The WGC also points out that monetary policy is a key central bank tool today. If people choose to transact in cryptocurrencies instead of fiat currency, it might make monetary policy less effective and undermine the tools used by the US Federal Reserve and other central banks to influence the economy and prompt the government to regulate these products.
"As it stands, from a US tax perspective for example, each transaction of cryptocurrencies is considered an asset sale, according to US Internal Revenue Service rules, and should be reported as a gain or loss. This complicates transactions with retailers like Amazon, Target and Wal-Mart, which do not currently allow cryptocurrencies for transactions.
Despite anecdotal comments from well-regarded financial commentators that gold prices and gold demand are suffering at the expense of cryptocurrencies, there isn't any quantifiable evidence that gold holdings are directly suffering from competition from cryptocurrencies. The weakness in physical demand in 2017 – for example, the paltry sales of US Eagles – is largely explained by the steady march higher of the S&P 500, the council argued.
Blockchain technology, the distributed ledger mechanism that underpins cryptocurrencies such as bitcoin, is genuinely innovative and could have wide-ranging applications across financial services and beyond. In the gold market, various players are exploring blockchain in the context of transforming gold into a 'digital asset', tracking gold provenance across the supply chain, and introducing efficiencies into post-trade settlement processes.
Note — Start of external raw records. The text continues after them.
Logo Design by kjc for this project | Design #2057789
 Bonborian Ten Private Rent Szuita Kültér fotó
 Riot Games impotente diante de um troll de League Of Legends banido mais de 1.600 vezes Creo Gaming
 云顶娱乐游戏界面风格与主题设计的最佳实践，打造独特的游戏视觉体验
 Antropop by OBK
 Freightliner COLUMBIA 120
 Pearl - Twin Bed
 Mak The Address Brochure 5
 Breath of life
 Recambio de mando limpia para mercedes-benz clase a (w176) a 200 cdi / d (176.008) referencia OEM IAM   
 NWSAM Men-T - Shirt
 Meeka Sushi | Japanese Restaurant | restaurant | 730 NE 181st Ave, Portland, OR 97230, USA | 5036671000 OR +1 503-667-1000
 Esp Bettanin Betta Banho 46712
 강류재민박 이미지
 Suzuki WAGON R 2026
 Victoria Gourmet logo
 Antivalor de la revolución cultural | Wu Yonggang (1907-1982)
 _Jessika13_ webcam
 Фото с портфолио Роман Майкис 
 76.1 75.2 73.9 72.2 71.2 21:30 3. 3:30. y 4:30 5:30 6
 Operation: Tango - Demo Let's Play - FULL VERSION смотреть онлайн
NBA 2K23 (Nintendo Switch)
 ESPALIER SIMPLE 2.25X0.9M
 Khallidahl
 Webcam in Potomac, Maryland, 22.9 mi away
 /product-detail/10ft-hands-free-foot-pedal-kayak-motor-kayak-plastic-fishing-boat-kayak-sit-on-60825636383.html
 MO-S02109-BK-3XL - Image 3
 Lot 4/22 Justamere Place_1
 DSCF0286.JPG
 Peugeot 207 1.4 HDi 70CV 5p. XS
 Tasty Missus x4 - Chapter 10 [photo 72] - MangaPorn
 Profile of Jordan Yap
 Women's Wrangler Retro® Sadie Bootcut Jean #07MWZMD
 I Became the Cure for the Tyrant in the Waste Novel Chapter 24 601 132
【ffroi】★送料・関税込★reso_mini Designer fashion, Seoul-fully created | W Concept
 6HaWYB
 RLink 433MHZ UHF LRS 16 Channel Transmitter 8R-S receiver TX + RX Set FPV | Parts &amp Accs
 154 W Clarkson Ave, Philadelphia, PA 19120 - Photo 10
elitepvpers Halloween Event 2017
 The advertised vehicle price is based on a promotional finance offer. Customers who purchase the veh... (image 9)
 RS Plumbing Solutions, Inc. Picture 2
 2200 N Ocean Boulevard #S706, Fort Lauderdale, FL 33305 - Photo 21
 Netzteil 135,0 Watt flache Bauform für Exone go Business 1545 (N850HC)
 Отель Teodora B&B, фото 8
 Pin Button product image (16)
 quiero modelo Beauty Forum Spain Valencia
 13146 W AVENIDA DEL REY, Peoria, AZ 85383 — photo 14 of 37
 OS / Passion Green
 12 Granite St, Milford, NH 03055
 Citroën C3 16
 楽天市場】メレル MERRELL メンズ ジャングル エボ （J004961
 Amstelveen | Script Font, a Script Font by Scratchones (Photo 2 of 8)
"Cryptocurrency's performance has, until recently, been remarkable, but its purpose as an investment seems quite different from gold. Cryptocurrencies have yet to be tested in multiple markets. Since bitcoin's inception, the stock market has been in an incredibly low volatility, trending bull market, with very few pullbacks.
"The crypto-market is young, and liquidity is scarce. Its price behaviour at this point, while still attractive to many investors, seems to be driven by high-return expectations," the WGC said.